Muchang Bahng

Computer Science

If you were to invent computer science from scratch, how would I do it? We can divide them into three chronological pillars. First is the theory of algorithms. Second is the construction of computers. Third is the applications of algorithms.

The design and analysis of algorithms are much older than computers in general, having existed as early as 2000 BC when Egyptians developed methods to multiply two numbers (even more primitive cookbooks can be considered algorithms). But in order to do any algorithm, we need a way to store data, whether it's through writing in a piece of paper or storing in computer memory. This requires the use of data structures which, coupled with algorithms, can solve whatever problems that came up in our lives. Note that none of these data structures or algorithms require the use of a computer at all. Graphs could be drawn on a piece of paper, a stack of accounting bills on your desk is literally the stack data structure, and a long list of names and ages of citizens in a tablet can be considered an array (erasing someone off from a tablet would leave an empty space). These different forms of bookkeeping, through different data structures, have advantages and disadvantages.
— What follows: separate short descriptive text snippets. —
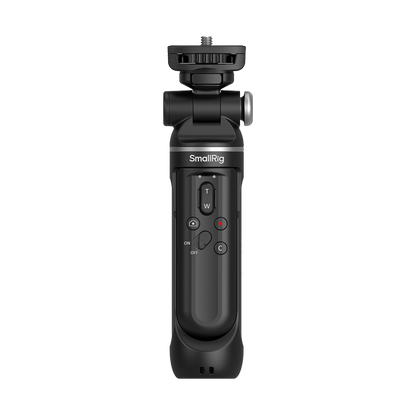 SmallRig SR-RG2 Wireless Shooting Grip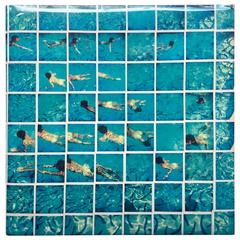 David Hockney, Camera Works 1st Edition, 1984 4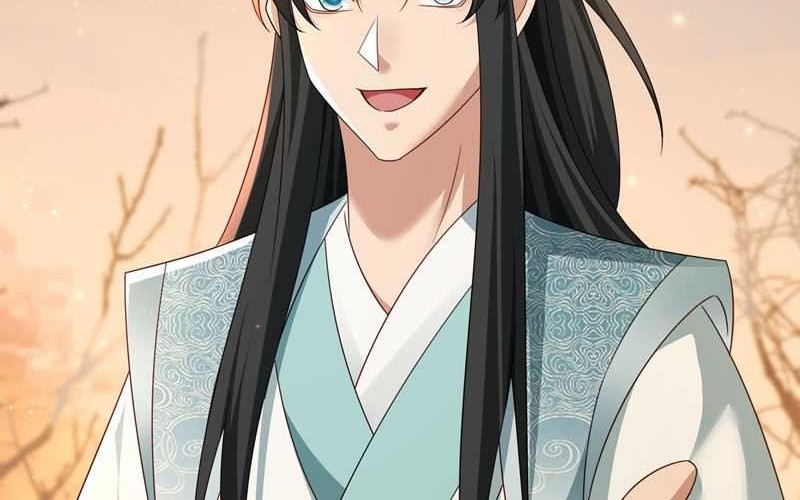 I Rely On Rewarding Apprentices To Upgrade Chapter 74 Gambar 17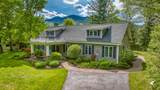 1127 Springfield Road - Photo 9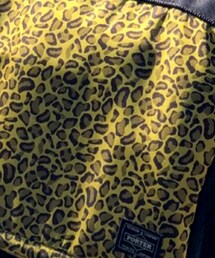 CMPD | ボストンバッグ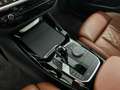 BMW X3 xDrive 20d Weiß - thumbnail 6
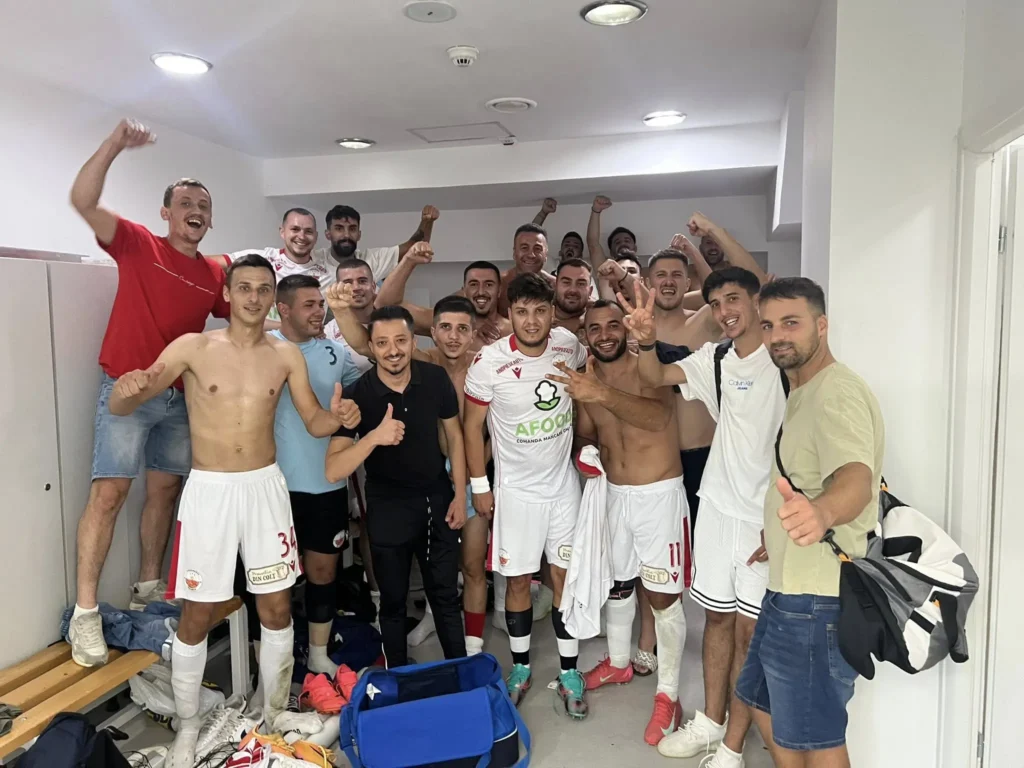 ProgresulPalanca 3 1024x768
When mechanical computers were invented in 1822 followed by the first electronic comptuers in 1943, we could rapidly scale these algorithms. Computing prime numbers did not have to be done by hand, and all the theory developed before then can be applied much more widely. But if you look at all the components in your computer, it's baffling to wonder how humanity could create such a complex and intricate object. I mean, certain smartphones that fit into your pocket is able to store the equivalent of 8 trillion on-off switches! This is why the next pillar deals with the construction of computers, which starts off with the most basic component: a transitor. This requires computer engineering and physics knowledge, but from here we slowly build upon abstractions to instruction sets and CPU design. The instruction set of a CPU is strongly tied to the architecture of a computer, and so we must introduce the Assembly language as a way to interact with the computer. Once we introduce the concept of memory (e.g. how different data types are stored), input/output devices, and databuses, this completes the von Neumann architecture of a computer. Finally, we talk about the rest of the computer, such as disks (how data persists even after the computer is turned off), GPUs, etc. Once we are finished with the computer engineering part, we now know how a computer is built. Finally, we talk about some low-level programs such as the firmware that is required to run before a computer turns on.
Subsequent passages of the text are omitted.